Our tasting impressions
Rust colored and very savory, this zesty Rosato walks a tightrope between fun and serious. The Nebbiolo imparts some tannin and the Barbera offers gregarious fruit. The balance is terrific and I dare you to find a dish you can't enjoy this with.
About this wine
Split evenly between Nebbiolo and Barbera from a southwest facing slope. The vines are trained in the Guyot Counter-Espalier system. Grapes are harvested in mid-September.
The grapes are pressed and fermented for 20 days at 13-15ºC in steel tanks. The lees are stirred back in for 2 months of aging in the tanks.
About the grape
Nebbiolo, the name believed to be derived from nebbia, Italian for fog, is a grape with one of the most protracted maturation cycles. It buds in early spring and ripens late fall (when the winter nebbia from the Alps reaches the vineyards).

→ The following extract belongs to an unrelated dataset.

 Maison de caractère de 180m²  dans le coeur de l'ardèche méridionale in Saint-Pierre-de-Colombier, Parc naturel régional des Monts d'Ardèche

Nebbiolo vines tend to grow upwardly with abandon, so management is essential to limit grape production and channel energy to them. They also are very particular about where they will thrive, which is why Nebbiolo is seldom found outside of Piedmont. Even there, it only is successful when planted on south facing slopes (much sun is needed for ripening), at elevations between 250 and 450 meters (lower there is too much frost exposure, higher the grapes won’t ripen).

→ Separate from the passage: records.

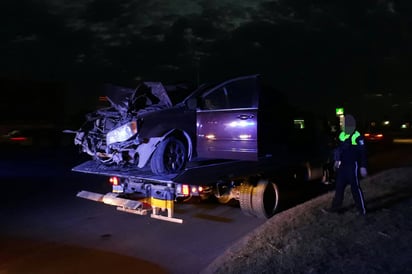 Daños. Una camioneta se impactó contra dos postes.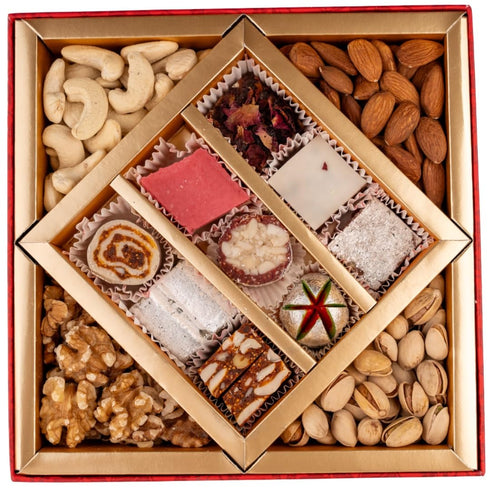 1 LB Assorted Sweets & Dry Fruit Gift Box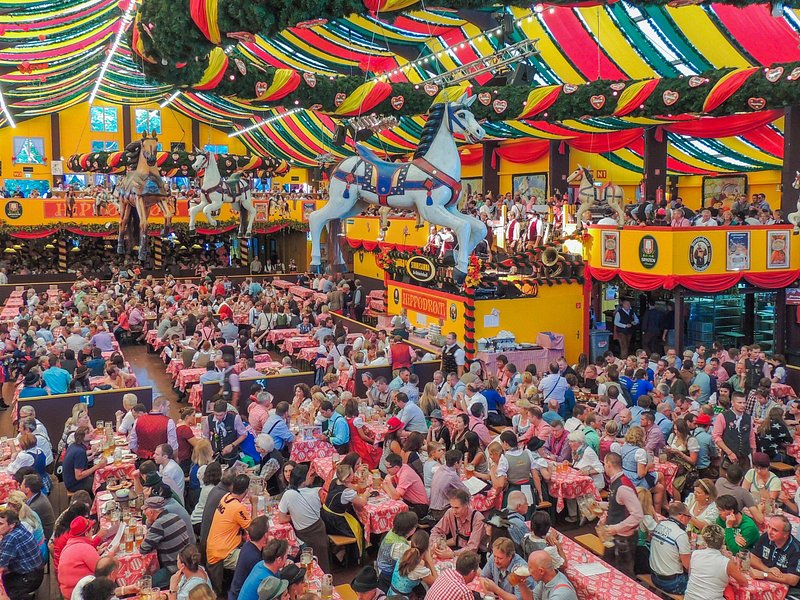 Private Spring Beer-Festival, Table and Lunch & Munich Old Town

Wines from Nebbiolo usually are pale-colored, high in acidity and very tannic. Common flavor descriptors are rose and tar. They tend to be highly aromatic.

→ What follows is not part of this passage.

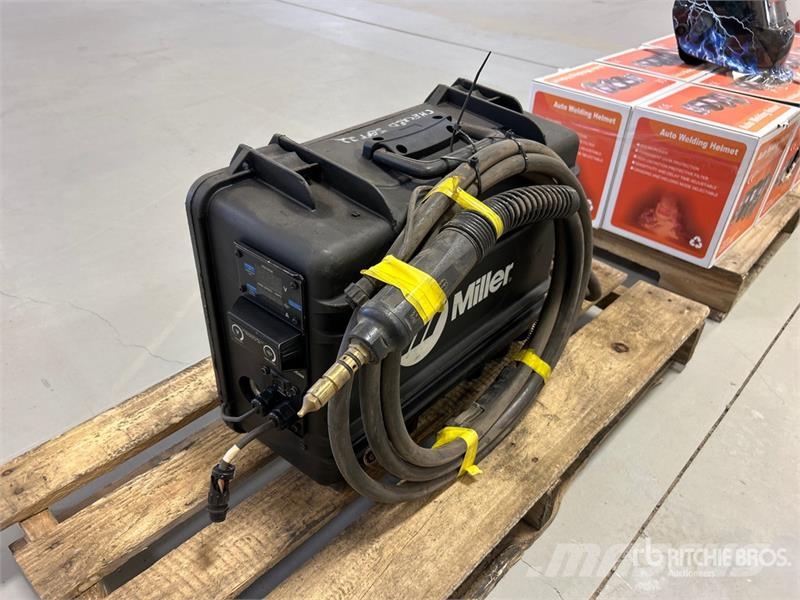 Miller Extreme 12VS Suitcase Wire Feeder Hitsauslaitteet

Barbera is a dark-skinned grape from vigorously growing, easy to manage vines. Barbera wines are high in acidity, low in tannins and light-bodied - although they can give the impression that they are big and hearty because of their purplish-black hue and relative roundness.
Barbera has been experiencing a Renaissance over the last couple of decades due to greater attention from talented winemakers who have discovered how to better craft the wines.
About the vintage
2019 was a challenging vintage but ultimately an excellent one. Yields were down about 15% on average. Growers had to deal with heavy spring rain and some hail. The summer was very hot and rot was a very real threat.
Suggested Glassware: Grassl Liberté
Young, Maurizio Sanso is a third generation grape farmer but he is the first to make wine. His grandparents began as sharecroppers but eventually purchased the property. His parents, Leonardo and Silvana and his sister Lorena work closely with him on the 17ha sustainably-farmed estate producing about 50,000 bottles per year.
Maurizio is fluent in and respectful of the traditions in the Langhe - but he is not bound by them. The vast array of winemaking and aging vessels in his cellar is an indication that he has an adventurous spirit. He also believes in producing each wine in a way that will best convey what its terroir has to offer. Some of these practices might fit into a description of a modernist producer but it is hard to describe this young talent in such a confining and ultimately inaccurate way.
Already gaining recognition in Europe for his precocious talent, Maurizio seems poised for a wider stage. VDLT is pleased to play in role in bringing the wines of Cascina Sòt to the United States.